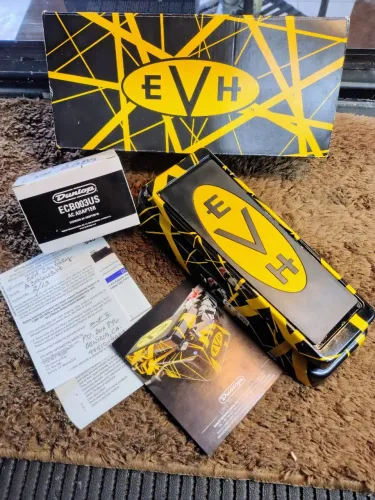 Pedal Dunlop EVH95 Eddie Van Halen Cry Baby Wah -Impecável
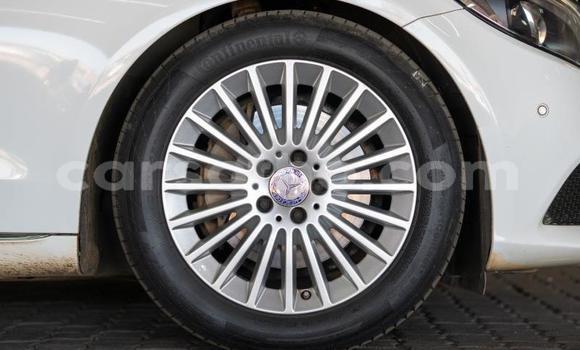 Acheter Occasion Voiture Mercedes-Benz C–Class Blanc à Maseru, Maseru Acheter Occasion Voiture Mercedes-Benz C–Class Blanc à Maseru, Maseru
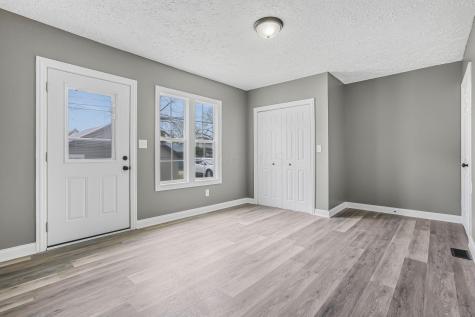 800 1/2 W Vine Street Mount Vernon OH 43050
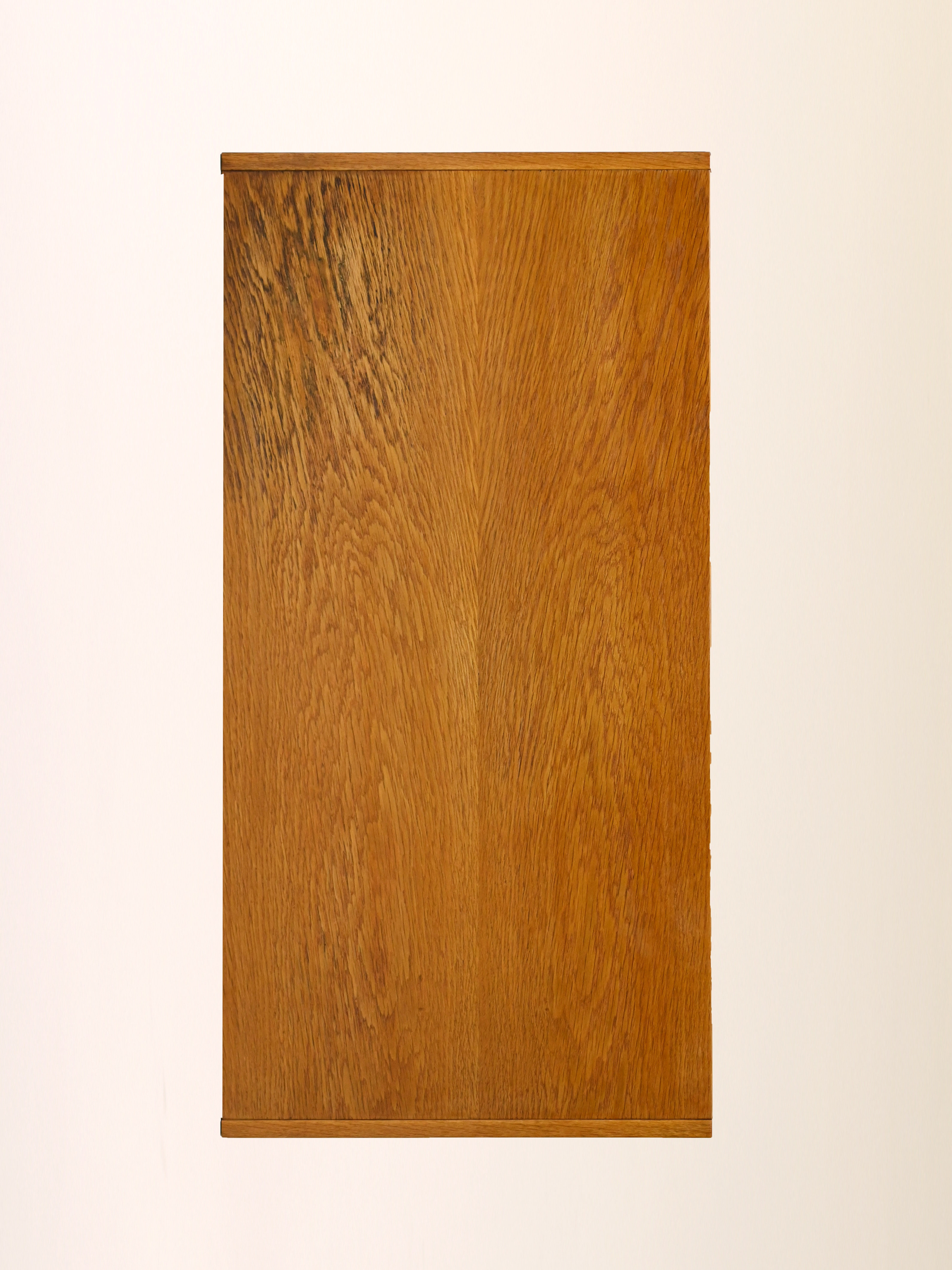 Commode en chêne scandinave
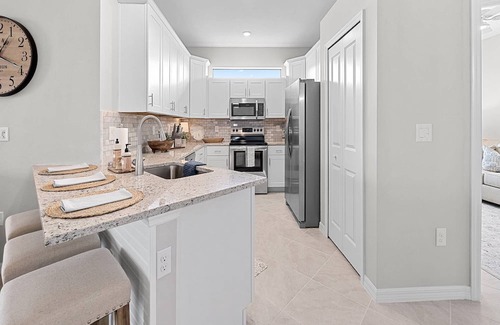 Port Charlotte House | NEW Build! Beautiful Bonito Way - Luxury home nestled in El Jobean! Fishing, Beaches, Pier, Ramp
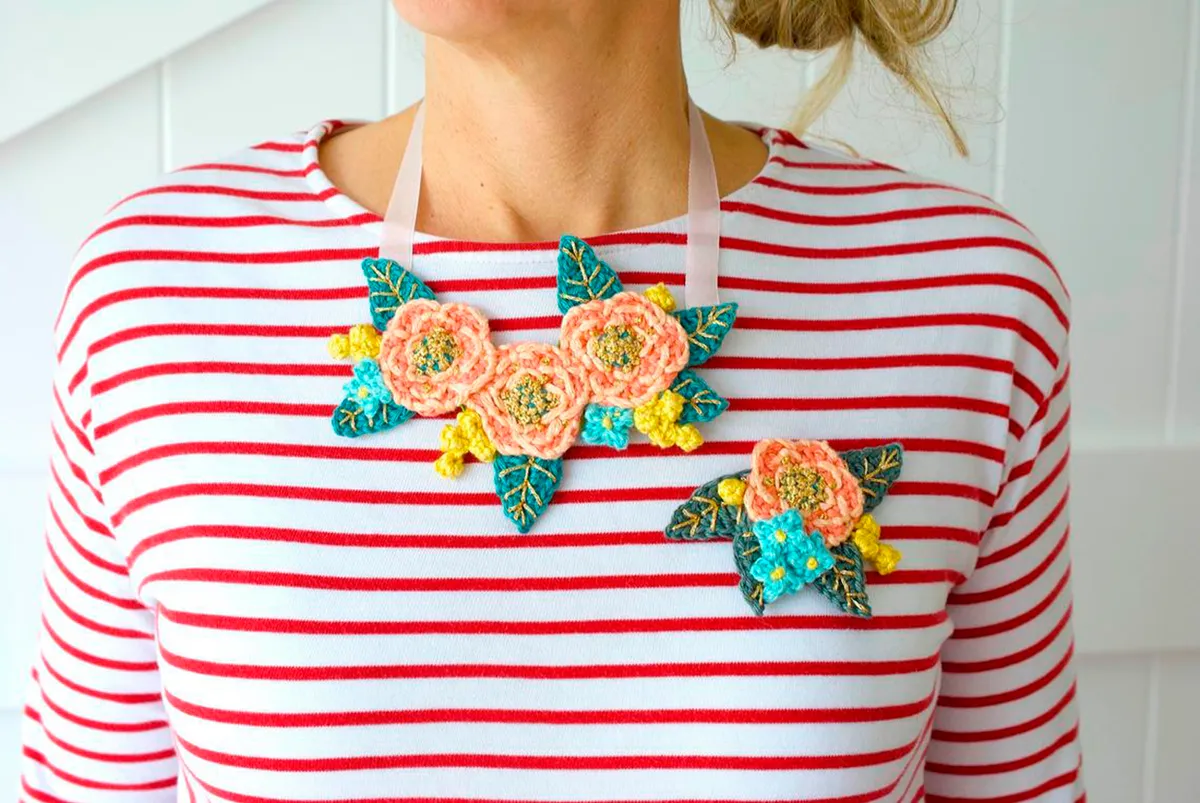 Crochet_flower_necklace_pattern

Exercise objective: Each entry above should be reproduced exactly, with the pictures removed.

Response area:
 Pedal Dunlop EVH95 Eddie Van Halen Cry Baby Wah -Impecável
 Acheter Occasion Voiture Mercedes-Benz C–Class Blanc à Maseru, Maseru Acheter Occasion Voiture Mercedes-Benz C–Class Blanc à Maseru, Maseru
 800 1/2 W Vine Street Mount Vernon OH 43050
 Commode en chêne scandinave
 Port Charlotte House | NEW Build! Beautiful Bonito Way - Luxury home nestled in El Jobean! Fishing, Beaches, Pier, Ramp
 Crochet_flower_necklace_pattern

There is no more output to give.